As the number of people killed by swine flu in Mexico continues to climb, the health commissioner for the European Union has warned against non-essential travel to the United States and Mexico. Fariborz Ghadar, director of the Center for Global Business Studies at Penn State’s Smeal College of Business, says pandemics such as this will continue to present formidable challenges to world leaders in an age of globalization.

It is estimated that  it took 18 years for the bubonic plague to reach the shores of Europe from its origin in China and another 30  months to reach England from Venice. A couple years ago, when SARS hit Asia, it could have reached  Canada in 72 hours. Now, swine flu from Mexico is discovered in New Zealand before anyone knows what’s going on.
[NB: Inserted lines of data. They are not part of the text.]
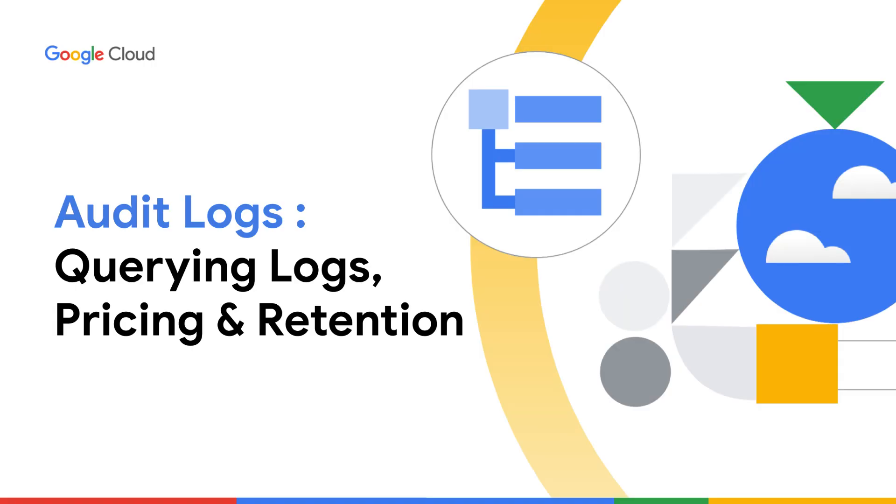In this video, you will learn about audit logs, what they are, why they are important, and how to view and find audit logs in your Google Cloud project. In addition, you will also learn about pricing and retention of different types of audit logs.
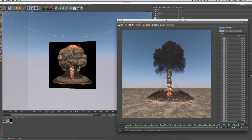Hi everybody, this is Jamie with C4 Depot and today we are into nuclear proliferation. We have a 4K mushroom cloud explosion sequence that we are selling at C4Depot.com and this is platform agnostic — you can use it on any machine, any program that you want.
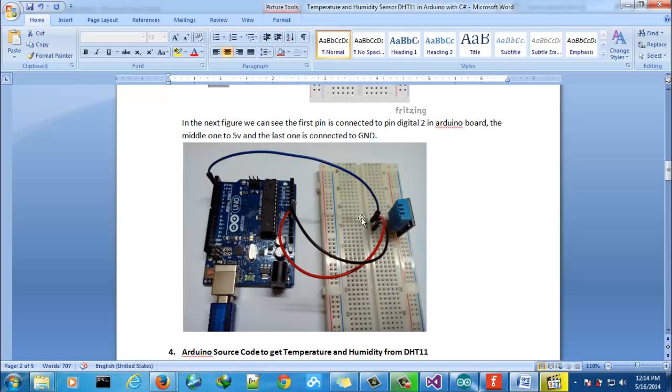First of all you will need to connect the pin one to the digital port number 2. The second one you need to connect to 5 volts.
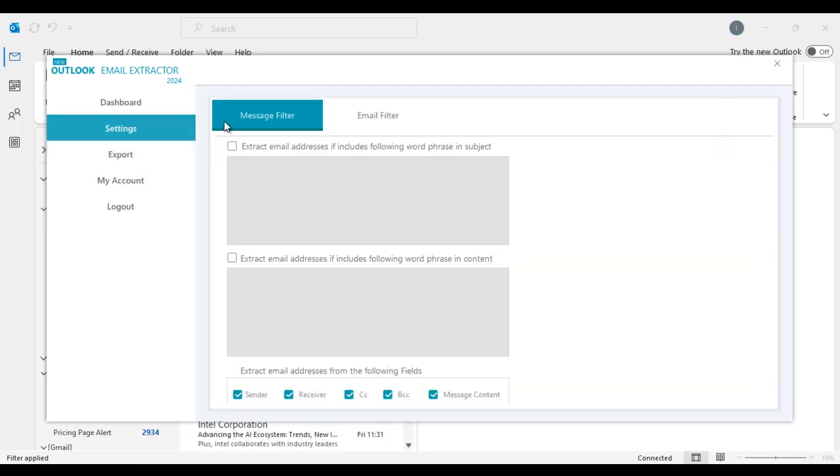On Settings, you have two options of filters. At Message level, you can add keywords to match on subject line or email body content to scrape emails.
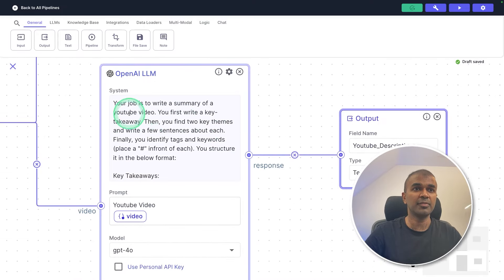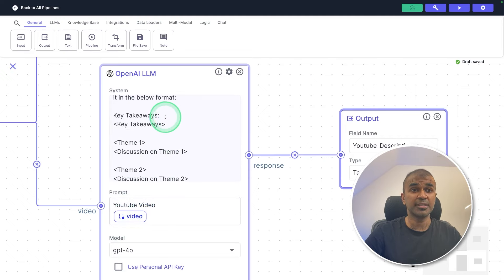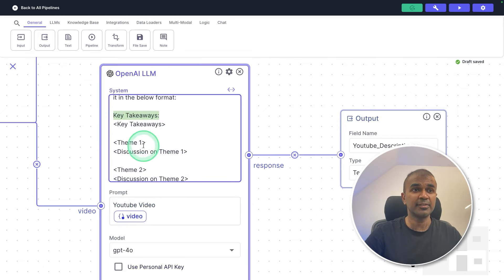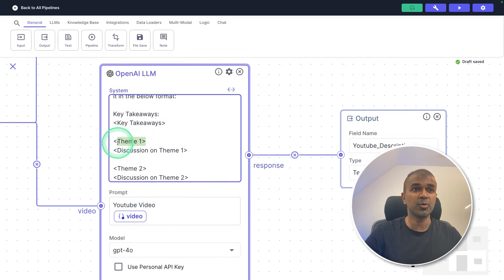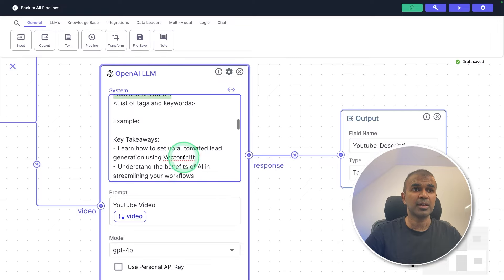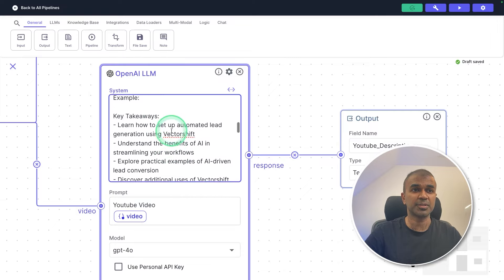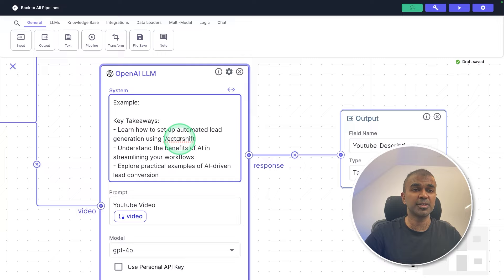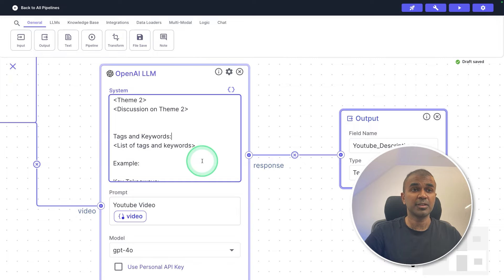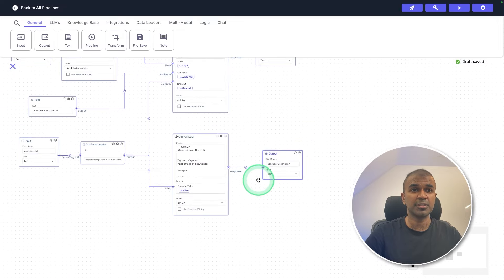And here we are mentioning that use the context of the video, or the YouTube video to create key takeaways, theme one, discussion, tags and keywords. And also we are providing some examples. So based on this, the large language model is going to create a YouTube description here.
Some developed countries have systems to track, identify, and quarantine outbreaks such as this, but many developing countries simply cannot do it. Compounding the problem is the fact that very few national entities talk to one another. The current infrastructure leaves much to be desired.  To manage potential pandemics, we need  global mechanisms in place beforehand to handle situations like this as they arise, not after.

Ghadar is the co-author of “Global Tectonics: Underlying Trends Shaping the Future of Business.” The book identifies the 12 trends in technology, nature, and society that will present the most formidable challenges in the next 30 years.